Nouvel incendie et même scénario, dans la nuit de lundi 29 à mardi 30 août, qui a fait sept morts dans un autre immeuble vétuste de la capitale, lui aussi habité par des familles d'origine africaine.
La faute à «pas de chance»? Non, la faute à la criminelle incurie de l'État. Les habitants des deux immeubles étaient acculés depuis des années à subir des conditions d'habitation du XIXe siècle.
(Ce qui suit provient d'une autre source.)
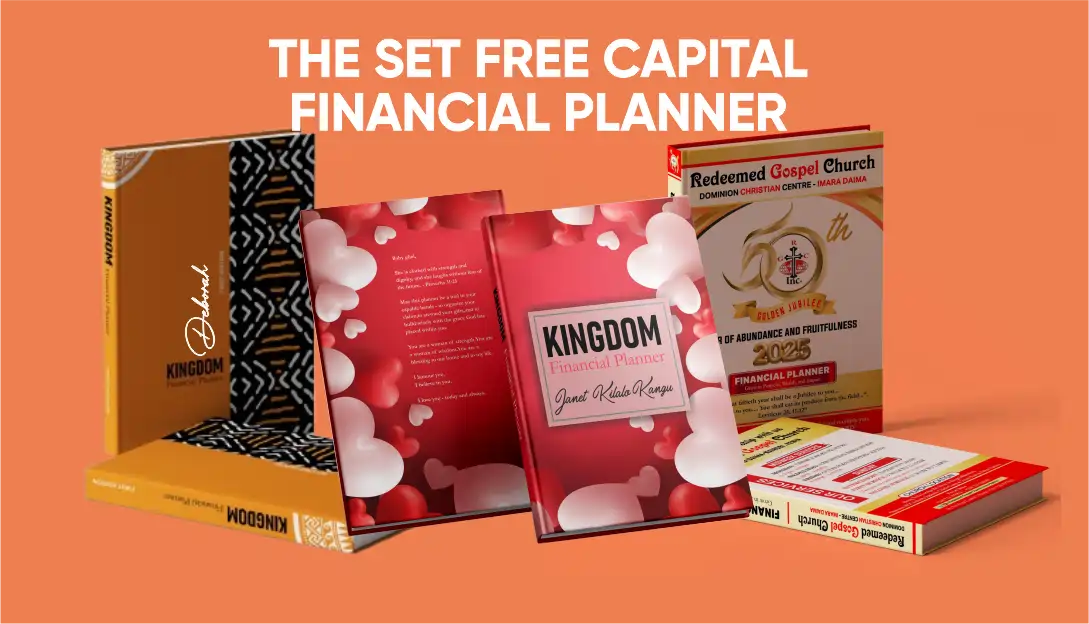 Guide to using the Set Free Financial Planner for budgeting, saving, and investment tracking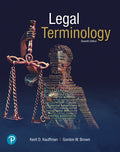 Test Bank for Legal Terminology 7th Edition by Gordon W. Brown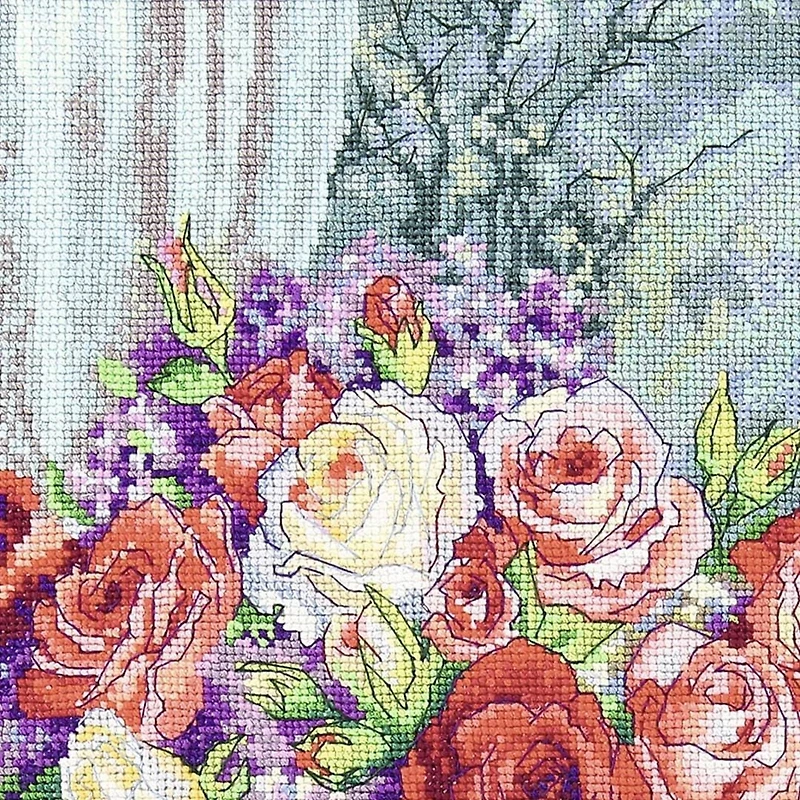 Charivna Mit Cross Stitch Kit Wind Blow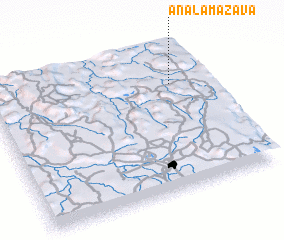 3d view of Analamazava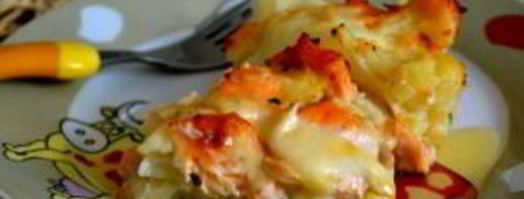 запеканка из семги. Шаг 5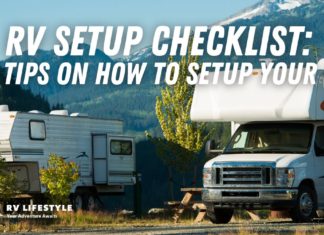 RV Setup Guidelines: 15 Ideas On How To Setup Your RV RV Setup Checklist 15 Tips on How to Setup Your RV social
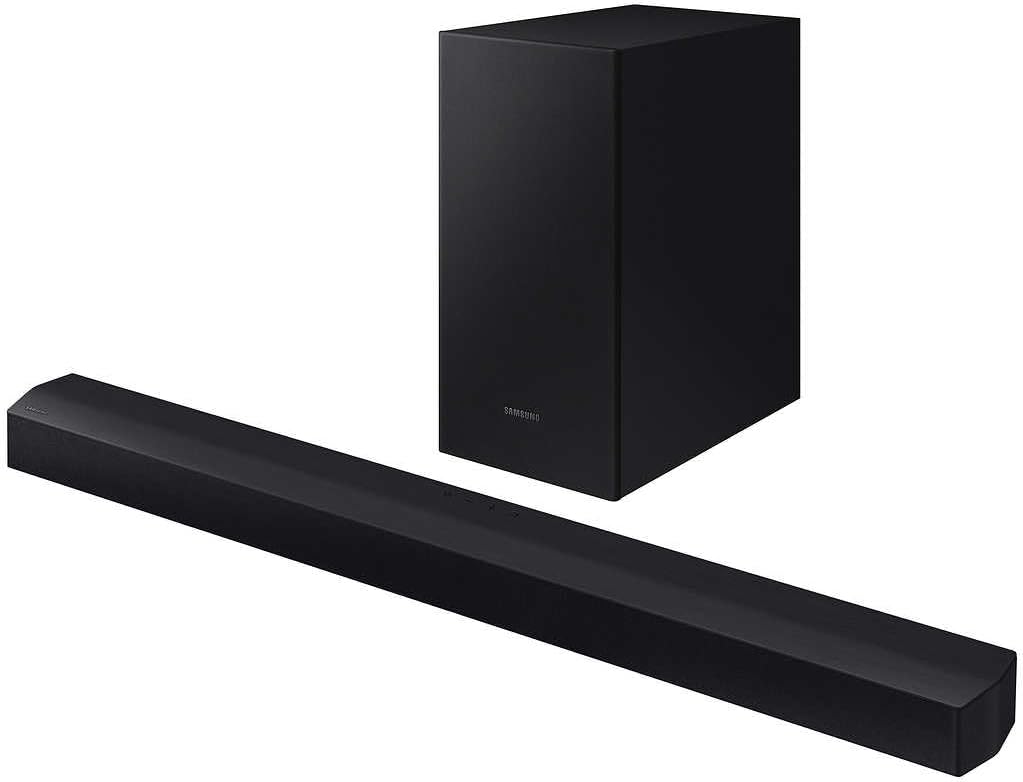 2.1 ch Soundbar with Subwoofer Black B700306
Les immeubles devenus brasiers avaient des planchers branlants et par endroits largement troués. Des fils électriques pendouillaient. En cas de pluie, l'eau traversait les plafonds... Qui plus est, l'immeuble du boulevard Auriol vibrait parfois, sous l'ébranlement d'engins des chantiers voisins.
Car ce 20, Bd Vincent Auriol, était en plein dans la «ZAC Rive gauche», un immense périmètre livré depuis bientôt 20 ans aux démolisseurs puis bâtisseurs de la grande bibiothèque mais aussi de bureaux et logements de luxe. Quartier devenu riche et cher. Dans tout le secteur, il ne restait quasiment plus que deux blocs d'habitations anciennes. Les mômes jouant dans la rue au pied d'immeubles ultra-modernes de France Télécom, du ministère de l'économie ou autre grande banque, pas de doute que ça faisait tache!
Si cet immense chantier de rénovation prouve quelque chose, c'est que le fric ne manquait pas pour bâtir. Du moins bâtir du luxe et du prestige. Mais rien en revanche pour les familles ouvrières ballotées depuis 1992 d'un logement de fortune à l'autre, sur le même périmètre. Elles ont dû occuper d'abord un terrain SNCF. Après des mois de combat dans le cadre de divers collectifs, elles ont été successivement relogées un peu plus loin, dans un immeuble désaffecté, face à un ancien centre de tri postal. Puis certaines, dans l'immeuble devenu brasier. Une solution provisoire, qui dure depuis plus de 10 ans. À se demander si on ne serait pas confrontés à une affaire de promoteurs véreux qui financent des incendiaires pour faire déguerpir des locataires.
Quant aux habitants de l'immeuble du 3e arrondissement, ils attendaient de la même façon un relogement, promis à certains... depuis 20 ans. Et eux, n'avaient même pas l'eau au robinet!
Face au drame de vendredi dernier, Chirac et sa clique pleurent. Le maire de Paris idem. Plus jamais ça, disent-ils. Avec les mêmes postures qu'en avril dernier, après l'incendie d'un hôtel meublé du quartier de l'Opéra, faisant 24 morts. Depuis, rien.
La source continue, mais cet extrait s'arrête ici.